Eric Reynolds has been involved in numerous urban regeneration schemes since the early 1970s, many including the practical re-use of historic buildings. In 1972 he spearheaded the restoration of a derelict building in Clerkenwell as one of the first craft workshops in the country. With two partners, he started the 1974 conversion of Camden Lock, which is now one of the top tourist attractions in London.

He has repeated this success at many other locations around the country. Those he has developed and/or runs include the Elephant And Castle shopping centre, Merton Abbey Mills, Spitalfields Old Fruit And Vegetable Market, Gabriels Wharf, Greenwich Market, Bishopsgate Goodsyard, Merton Abbey Mills, Platform 12 Kings Cross, Swindon Market Hall, Sneinton Market Square in Nottingham and Green Park Market in Bath.

A recent scheme is at Trinity Buoy Wharf, opposite the Millenium Dome, where Longplayer has been housed since its launch in 1999. This is the site of London’s only lighthouse, for which he won a development/management competition from the LDDC to develop a centre for arts and creative activity. Here he has pioneered the re-use of shipping containers to create buildings in a system called Container City.

He acts as a regeneration advisor across the country and is a director and member of several other voluntary bodies. He is a Board member of Tower Hamlets College, a Freeman of the Waterman and Lightermans Company, an Honourary Member of the RIBA (Royal Institute of British Architects), Chairman of Leeside Regeneration and has recently been elected to the Board of Governors for the Museum of London.

Anne Robbins

Anne Robbins was brought up in the United States and Turkey, but has spent all her adult life in the UK. Her working career was spent in bookselling and publishing. She now divides her time between The Council for Assisting Refugee Academics, where she volunteers on the programme to support Iraqi scholars, and an organisation aiming to improve the effectiveness of philanthropy in positive social change.

However, it is her interests in music and early medieval history which inform her involvement in Longplayer. In particular, Anne has been fascinated by the efforts of 8th and 9th century Europeans to mold late Roman institutions to their own changed economic and social conditions, and to create new forms of government and social organisation within - and sometimes against - the widening influence of the Christian Church.

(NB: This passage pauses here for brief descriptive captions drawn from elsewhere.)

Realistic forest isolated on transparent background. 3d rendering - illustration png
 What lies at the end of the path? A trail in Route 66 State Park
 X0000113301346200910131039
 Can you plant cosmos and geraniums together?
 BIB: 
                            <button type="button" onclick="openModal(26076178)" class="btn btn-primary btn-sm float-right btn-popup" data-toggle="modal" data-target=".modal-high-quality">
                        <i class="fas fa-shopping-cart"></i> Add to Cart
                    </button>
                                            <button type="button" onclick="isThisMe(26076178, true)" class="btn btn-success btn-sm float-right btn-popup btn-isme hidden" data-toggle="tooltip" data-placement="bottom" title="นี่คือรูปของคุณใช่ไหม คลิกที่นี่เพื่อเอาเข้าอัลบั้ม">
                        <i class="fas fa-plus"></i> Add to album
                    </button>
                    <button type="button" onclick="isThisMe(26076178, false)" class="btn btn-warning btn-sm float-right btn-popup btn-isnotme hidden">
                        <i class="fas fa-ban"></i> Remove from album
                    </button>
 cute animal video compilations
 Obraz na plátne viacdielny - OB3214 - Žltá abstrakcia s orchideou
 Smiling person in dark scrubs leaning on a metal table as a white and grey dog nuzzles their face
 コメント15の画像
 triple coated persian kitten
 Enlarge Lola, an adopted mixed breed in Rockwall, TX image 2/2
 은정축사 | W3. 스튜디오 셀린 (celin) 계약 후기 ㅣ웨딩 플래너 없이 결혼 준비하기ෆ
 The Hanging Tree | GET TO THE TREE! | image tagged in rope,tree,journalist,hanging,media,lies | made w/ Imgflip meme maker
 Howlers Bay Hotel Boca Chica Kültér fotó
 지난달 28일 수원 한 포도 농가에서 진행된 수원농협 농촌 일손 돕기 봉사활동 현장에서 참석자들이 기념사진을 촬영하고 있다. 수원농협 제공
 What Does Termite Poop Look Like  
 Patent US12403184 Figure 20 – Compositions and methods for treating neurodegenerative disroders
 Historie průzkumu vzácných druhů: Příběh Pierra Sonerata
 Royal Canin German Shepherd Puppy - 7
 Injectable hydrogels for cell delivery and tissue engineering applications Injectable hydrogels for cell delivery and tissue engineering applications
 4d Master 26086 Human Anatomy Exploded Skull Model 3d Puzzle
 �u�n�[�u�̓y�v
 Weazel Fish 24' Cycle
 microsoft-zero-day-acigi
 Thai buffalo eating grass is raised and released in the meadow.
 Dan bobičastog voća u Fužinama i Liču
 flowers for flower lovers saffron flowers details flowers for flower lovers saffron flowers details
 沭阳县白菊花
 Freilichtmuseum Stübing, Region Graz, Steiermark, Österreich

The long-term survival of Longplayer may not depend on fixed institutions such as the monastic libraries in which some Carolingian documents still remain, but it should have the benefit of an awareness of history. After all, our ability even to imagine the future is based on what we know of the past.

Jenny Waldman

Jenny Waldman is an independent arts consultant with wide experience of arts programming and management. She created the public events strategy for Somerset House and has continued to develop the programme there since it opened to the public in 2000. She has also developed programme for Tate Modern and Tate Britain and was for five years Director of Arts Centre Programmes at the Southbank Centre.

As an arts management consultant her clients have included the National Theatre, Almeida Theatre, Wigmore Hall, Arts Council of England, ENO, Barbican and Shobana Jeysingh Dance Company. She spent three years as an associate of AEA Consultants.

Jenny is also on the Board of DV8 and on the National Theatre’s Education Committee.